═════ INFORMATION PROVIDED
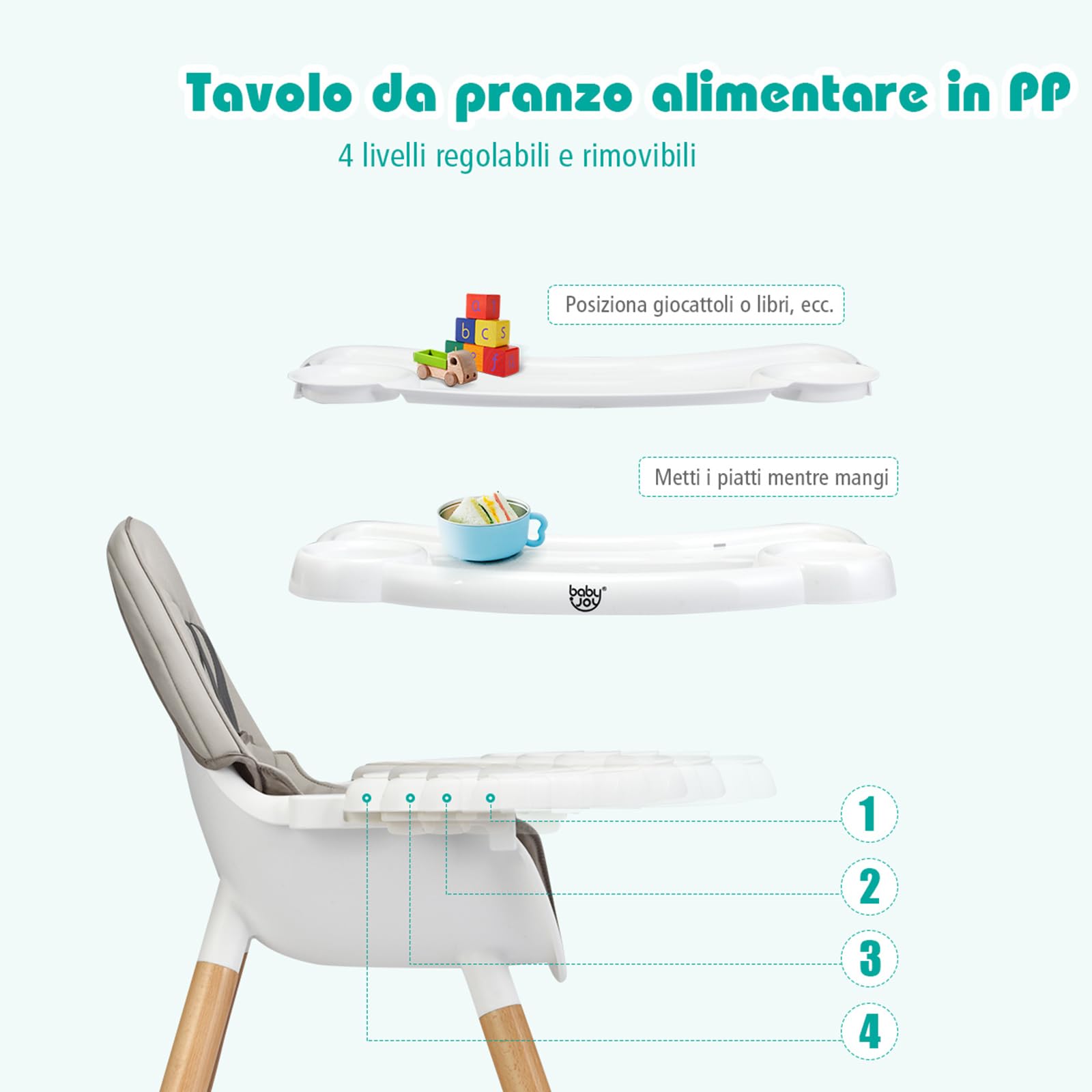 COSTWAY 4 in 1 Seggiolone Pappa, Seggiolone Evolutivo per Neonati Convertibile, con Cintura di Sicurezza, Vassoio Rimovibile, per Bambini 6-36 Mesi (Grigio)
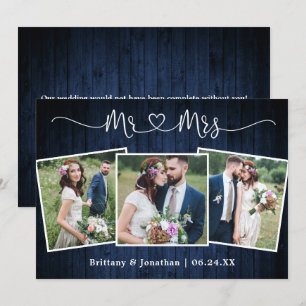 Wedding Calligraphy Heart Mr. Mrs. Wood 3 Photo Thank You Card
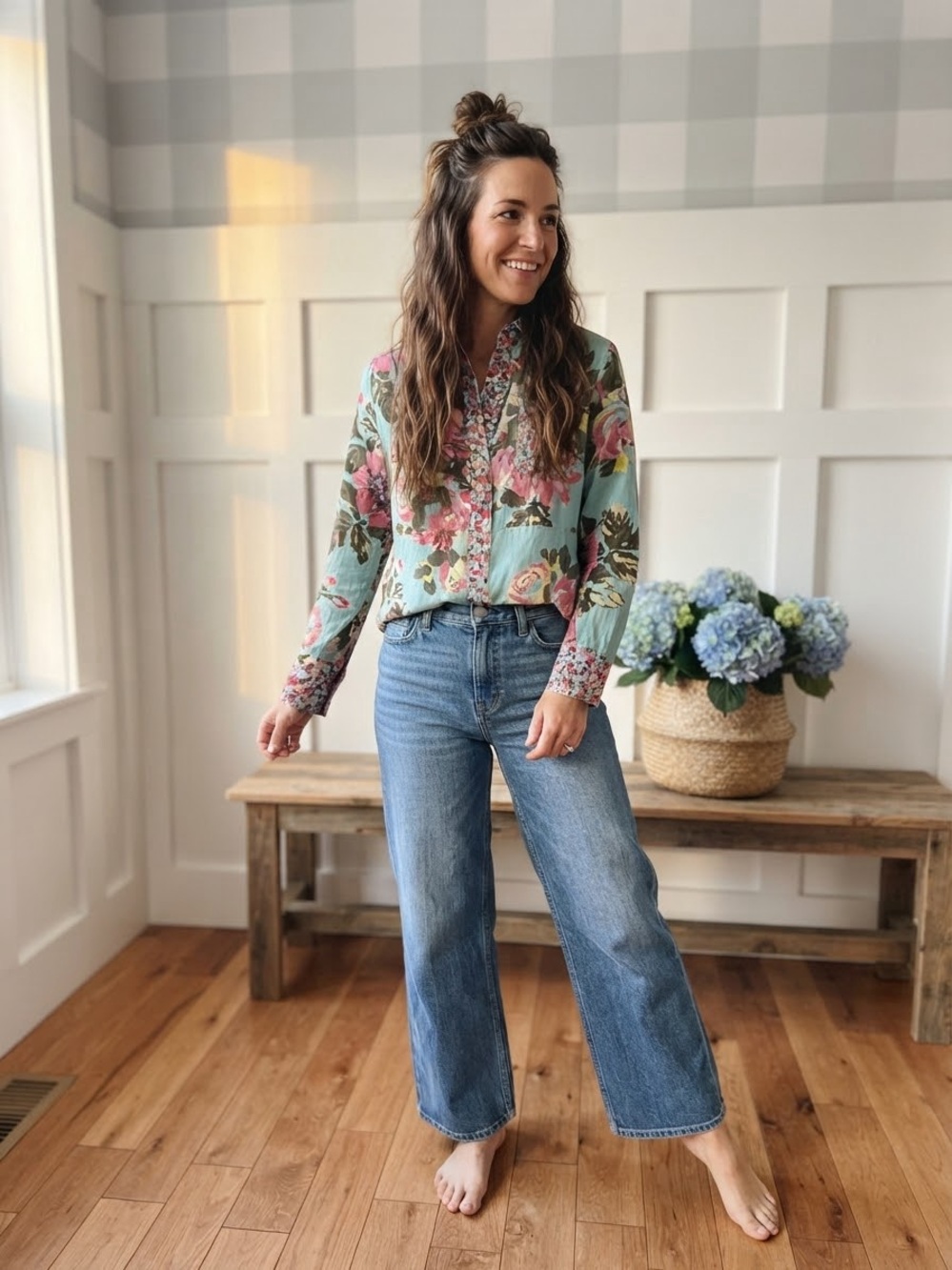 Soft Surroundings Mint Green Floral Button-Up Blouse with Pink Accents Small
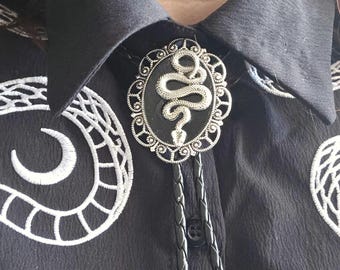 Snake Bolo Tie. Neck Tie. Gothic western bolo tie.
══════════
### PROBLEM TO SOLVE
The listing must be returned in full and exactly, apart from its pictures.

### WRITTEN ANSWER
 COSTWAY 4 in 1 Seggiolone Pappa, Seggiolone Evolutivo per Neonati Convertibile, con Cintura di Sicurezza, Vassoio Rimovibile, per Bambini 6-36 Mesi (Grigio)
 Wedding Calligraphy Heart Mr. Mrs. Wood 3 Photo Thank You Card
 Soft Surroundings Mint Green Floral Button-Up Blouse with Pink Accents Small
 Snake Bolo Tie. Neck Tie. Gothic western bolo tie.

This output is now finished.